As a creative, Brian’s skills are innumerable: conceptual thinking, art direction, graphic design, motion graphics, video editing, UI/UX design, web development, illustration…and that ain’t even half of it. Which is probably why he went and found himself a second job.

In 2006, Brian and his wife Jill launched a women’s ready-to-wear clothing line called gr.dano. The line is now distributed nationally, and has won awards and recognition from Elle magazine, 7×7, GenArt, The California Design Biennial, and more. Brian and Jill’s philosophy is to create unique pieces that are also approachable and easy to wear. They collaborate on the design of every piece; then Jill handles the pattern making and sewing, while Brian does the cutting as well as the company’s marketing. A man who doesn’t just have style, but creates it? We’re still waiting for Brian to pull off his mask and admit he’s not real.
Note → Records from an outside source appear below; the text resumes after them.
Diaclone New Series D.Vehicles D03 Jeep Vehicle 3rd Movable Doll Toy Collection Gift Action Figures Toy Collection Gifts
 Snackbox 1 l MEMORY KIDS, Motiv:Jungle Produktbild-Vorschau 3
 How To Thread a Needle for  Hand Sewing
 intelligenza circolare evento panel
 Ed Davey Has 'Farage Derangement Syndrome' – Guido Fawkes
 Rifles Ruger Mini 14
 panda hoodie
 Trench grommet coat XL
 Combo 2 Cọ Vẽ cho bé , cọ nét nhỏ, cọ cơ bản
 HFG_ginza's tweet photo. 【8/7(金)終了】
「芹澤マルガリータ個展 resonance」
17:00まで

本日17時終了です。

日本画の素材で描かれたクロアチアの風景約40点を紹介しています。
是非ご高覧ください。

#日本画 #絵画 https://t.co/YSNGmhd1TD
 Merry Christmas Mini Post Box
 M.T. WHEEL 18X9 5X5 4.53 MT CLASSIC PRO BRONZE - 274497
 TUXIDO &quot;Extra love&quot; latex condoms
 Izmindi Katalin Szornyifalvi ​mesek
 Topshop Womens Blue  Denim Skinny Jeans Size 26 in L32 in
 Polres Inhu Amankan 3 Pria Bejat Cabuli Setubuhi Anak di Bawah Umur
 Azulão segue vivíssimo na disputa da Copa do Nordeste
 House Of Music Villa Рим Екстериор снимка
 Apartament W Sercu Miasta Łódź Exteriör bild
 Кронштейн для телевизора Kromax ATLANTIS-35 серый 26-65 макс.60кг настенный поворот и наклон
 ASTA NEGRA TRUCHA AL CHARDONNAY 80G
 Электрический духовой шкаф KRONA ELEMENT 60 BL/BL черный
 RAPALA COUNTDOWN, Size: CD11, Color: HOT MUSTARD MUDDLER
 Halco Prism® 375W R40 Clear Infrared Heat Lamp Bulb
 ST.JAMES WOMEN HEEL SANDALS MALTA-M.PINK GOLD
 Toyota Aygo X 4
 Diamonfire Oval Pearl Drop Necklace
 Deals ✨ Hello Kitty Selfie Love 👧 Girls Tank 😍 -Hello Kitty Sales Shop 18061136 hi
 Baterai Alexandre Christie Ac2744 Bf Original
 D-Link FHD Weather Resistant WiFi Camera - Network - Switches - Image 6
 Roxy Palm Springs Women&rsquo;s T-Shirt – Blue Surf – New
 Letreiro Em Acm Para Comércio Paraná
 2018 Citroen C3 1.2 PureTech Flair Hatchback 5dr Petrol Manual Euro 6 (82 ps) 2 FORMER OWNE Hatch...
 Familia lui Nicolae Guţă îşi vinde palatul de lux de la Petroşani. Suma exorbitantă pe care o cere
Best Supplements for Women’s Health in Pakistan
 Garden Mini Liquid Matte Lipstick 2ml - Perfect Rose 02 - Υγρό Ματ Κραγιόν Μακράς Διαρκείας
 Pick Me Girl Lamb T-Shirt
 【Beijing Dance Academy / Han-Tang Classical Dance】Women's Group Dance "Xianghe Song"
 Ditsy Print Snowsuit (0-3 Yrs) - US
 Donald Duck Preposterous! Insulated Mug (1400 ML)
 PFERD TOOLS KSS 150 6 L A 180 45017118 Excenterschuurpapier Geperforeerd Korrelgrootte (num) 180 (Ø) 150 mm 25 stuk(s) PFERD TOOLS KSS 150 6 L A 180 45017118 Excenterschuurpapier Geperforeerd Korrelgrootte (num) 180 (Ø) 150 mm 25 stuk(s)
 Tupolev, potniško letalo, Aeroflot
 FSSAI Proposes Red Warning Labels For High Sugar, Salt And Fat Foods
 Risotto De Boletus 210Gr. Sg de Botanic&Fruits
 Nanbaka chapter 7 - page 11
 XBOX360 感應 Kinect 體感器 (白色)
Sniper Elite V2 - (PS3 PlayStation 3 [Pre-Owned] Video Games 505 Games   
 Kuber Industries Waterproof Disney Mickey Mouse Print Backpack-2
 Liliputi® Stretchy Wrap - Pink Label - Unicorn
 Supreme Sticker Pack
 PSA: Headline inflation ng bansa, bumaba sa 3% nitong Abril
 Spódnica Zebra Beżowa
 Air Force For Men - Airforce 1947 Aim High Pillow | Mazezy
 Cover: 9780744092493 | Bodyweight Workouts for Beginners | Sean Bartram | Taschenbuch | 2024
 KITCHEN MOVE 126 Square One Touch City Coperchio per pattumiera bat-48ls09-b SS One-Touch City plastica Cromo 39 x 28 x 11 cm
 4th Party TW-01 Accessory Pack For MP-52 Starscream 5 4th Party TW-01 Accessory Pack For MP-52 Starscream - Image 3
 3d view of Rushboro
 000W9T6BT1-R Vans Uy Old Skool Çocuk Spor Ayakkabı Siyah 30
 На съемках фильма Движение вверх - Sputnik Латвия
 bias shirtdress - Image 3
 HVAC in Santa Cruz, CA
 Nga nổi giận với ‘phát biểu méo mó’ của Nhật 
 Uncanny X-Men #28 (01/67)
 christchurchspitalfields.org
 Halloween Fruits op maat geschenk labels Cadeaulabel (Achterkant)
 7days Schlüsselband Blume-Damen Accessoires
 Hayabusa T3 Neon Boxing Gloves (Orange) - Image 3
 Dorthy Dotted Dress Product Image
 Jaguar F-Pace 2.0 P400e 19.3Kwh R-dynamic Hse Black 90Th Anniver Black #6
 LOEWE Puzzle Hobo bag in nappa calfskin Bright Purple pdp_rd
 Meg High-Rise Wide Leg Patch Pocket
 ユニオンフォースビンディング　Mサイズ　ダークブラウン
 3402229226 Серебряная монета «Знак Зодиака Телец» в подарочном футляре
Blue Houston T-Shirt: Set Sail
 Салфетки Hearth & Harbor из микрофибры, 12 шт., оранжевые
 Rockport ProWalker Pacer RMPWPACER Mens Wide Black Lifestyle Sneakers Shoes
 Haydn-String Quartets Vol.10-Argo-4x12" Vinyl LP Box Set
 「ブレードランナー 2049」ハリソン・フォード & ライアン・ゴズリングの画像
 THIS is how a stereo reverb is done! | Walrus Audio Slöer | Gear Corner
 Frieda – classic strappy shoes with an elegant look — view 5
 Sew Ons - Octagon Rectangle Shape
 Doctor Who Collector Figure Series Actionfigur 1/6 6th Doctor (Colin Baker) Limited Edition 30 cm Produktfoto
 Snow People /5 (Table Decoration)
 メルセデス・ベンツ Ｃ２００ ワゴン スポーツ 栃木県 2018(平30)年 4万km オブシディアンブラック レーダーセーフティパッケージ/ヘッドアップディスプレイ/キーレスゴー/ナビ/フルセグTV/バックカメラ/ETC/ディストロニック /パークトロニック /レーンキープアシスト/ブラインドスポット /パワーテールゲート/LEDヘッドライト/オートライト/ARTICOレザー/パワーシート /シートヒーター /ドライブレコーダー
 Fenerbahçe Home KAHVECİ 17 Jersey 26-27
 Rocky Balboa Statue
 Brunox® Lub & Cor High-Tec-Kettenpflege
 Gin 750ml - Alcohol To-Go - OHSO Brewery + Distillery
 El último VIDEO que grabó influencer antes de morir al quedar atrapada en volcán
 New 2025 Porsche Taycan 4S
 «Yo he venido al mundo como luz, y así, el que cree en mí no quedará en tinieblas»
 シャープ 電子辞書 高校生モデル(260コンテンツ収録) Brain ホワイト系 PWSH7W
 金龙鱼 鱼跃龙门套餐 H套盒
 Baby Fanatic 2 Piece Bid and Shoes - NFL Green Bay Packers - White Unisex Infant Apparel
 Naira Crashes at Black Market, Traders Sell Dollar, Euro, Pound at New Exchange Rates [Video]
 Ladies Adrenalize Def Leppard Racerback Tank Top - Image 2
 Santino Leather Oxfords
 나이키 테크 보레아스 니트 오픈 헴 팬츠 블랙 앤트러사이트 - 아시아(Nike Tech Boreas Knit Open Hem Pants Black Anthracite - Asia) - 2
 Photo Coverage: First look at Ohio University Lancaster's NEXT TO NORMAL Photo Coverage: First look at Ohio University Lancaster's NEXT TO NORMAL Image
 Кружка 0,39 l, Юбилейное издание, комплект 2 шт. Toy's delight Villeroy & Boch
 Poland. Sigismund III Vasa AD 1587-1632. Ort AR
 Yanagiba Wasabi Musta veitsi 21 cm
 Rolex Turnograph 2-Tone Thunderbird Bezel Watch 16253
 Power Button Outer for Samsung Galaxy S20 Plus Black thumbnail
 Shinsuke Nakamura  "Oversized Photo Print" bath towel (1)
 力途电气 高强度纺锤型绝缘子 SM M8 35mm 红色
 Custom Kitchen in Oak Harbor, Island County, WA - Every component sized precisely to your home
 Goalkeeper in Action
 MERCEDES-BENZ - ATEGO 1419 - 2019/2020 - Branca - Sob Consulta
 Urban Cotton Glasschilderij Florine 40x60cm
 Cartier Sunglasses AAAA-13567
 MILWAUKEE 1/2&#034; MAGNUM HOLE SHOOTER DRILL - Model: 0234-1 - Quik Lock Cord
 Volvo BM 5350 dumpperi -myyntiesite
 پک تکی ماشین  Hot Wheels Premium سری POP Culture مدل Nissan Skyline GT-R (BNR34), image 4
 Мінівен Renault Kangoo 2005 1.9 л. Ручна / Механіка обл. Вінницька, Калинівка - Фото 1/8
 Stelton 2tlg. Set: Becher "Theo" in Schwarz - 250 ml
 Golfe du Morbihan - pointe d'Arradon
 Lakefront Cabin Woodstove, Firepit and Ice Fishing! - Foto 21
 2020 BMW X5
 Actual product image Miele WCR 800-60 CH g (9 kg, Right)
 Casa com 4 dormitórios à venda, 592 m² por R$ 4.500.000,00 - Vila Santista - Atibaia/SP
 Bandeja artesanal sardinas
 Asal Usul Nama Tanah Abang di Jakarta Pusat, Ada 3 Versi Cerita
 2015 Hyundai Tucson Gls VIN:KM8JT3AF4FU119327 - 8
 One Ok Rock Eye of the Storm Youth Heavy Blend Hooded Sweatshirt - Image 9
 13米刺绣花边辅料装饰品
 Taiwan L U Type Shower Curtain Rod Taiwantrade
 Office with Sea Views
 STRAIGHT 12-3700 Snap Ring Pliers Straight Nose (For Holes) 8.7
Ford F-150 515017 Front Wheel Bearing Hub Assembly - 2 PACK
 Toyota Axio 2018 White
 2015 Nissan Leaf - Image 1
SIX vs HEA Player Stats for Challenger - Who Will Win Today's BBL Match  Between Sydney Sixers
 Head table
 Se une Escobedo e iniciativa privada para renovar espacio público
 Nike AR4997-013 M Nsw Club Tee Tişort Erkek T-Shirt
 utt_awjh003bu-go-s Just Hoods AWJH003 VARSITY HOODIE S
Stylin’ threads from the gr.dano collection.


In lieu of filling the next 27 pages with Brian’s absurd life achievements, we’ll leave you with this nicely bulleted list of our select faves:

• Every time Brian orders a pizza, he asks for it not to be sliced. When it arrives, he folds it and eats it like a taco. He calls it the “pizzaco.”

• Once on St. Patrick’s Day in downtown Savannah, he started a conga line so huge it made the news.

• (Ladies, don’t read this if you ever want to be happy again. Men, don’t read this if you’d rather not have to hurt Brian.) Brian massages his wife’s feet every night for an hour. Every night. For an hour. We told you not to read it.

• At a Jimmy Buffett show, the video crew asked Brian to go live on the big screen during the song “Volcano” because of the giant erupting volcano hat he’d built. The crowd went wild, he was dubbed “Volcano Head,” and they used that footage at every show for a year afterward.

• He’s been asked three times to not enter a Halloween costume contest so that it would be fair to the others.

• He’s banned from entering any KB Toy Store for the rest of his life. (Don’t worry, it’s not what you think.)


Welcome to Mortar, Brian.


  • Sep. 26th, 2013

    I’ve had the privilege of knowing Brian for many years. I used to doubt the stories too, but then one day a FedEx envelope showed up with a cheese sandwich. That’s all I really need to say about Brian.

    Good luck with the new gig, fortunate is the agency who lands this legend.

  • Oct. 3rd, 2013

    In addition to all his other traits, let’s add modesty. I didn’t even realize that Brian was the anointed CD. Congrats to Mortar for snagging him and congrats to Scheyer for finding a place that appreciates his twists and streaks. Incidentally, I’m one of the 3 people who’s asked him not to totally feck up a Halloween costume contest for everyone else.)

  • Louise Byrne
    Apr. 21st, 2014

    I was there. I saw the Volcano. He had a pull chain rigged into it and it released an aerosol for a smoke effect. If he can give that detail on his volcano hat; imagine the detail he gives on something he gets PAID to do!!
    Brian is awesome.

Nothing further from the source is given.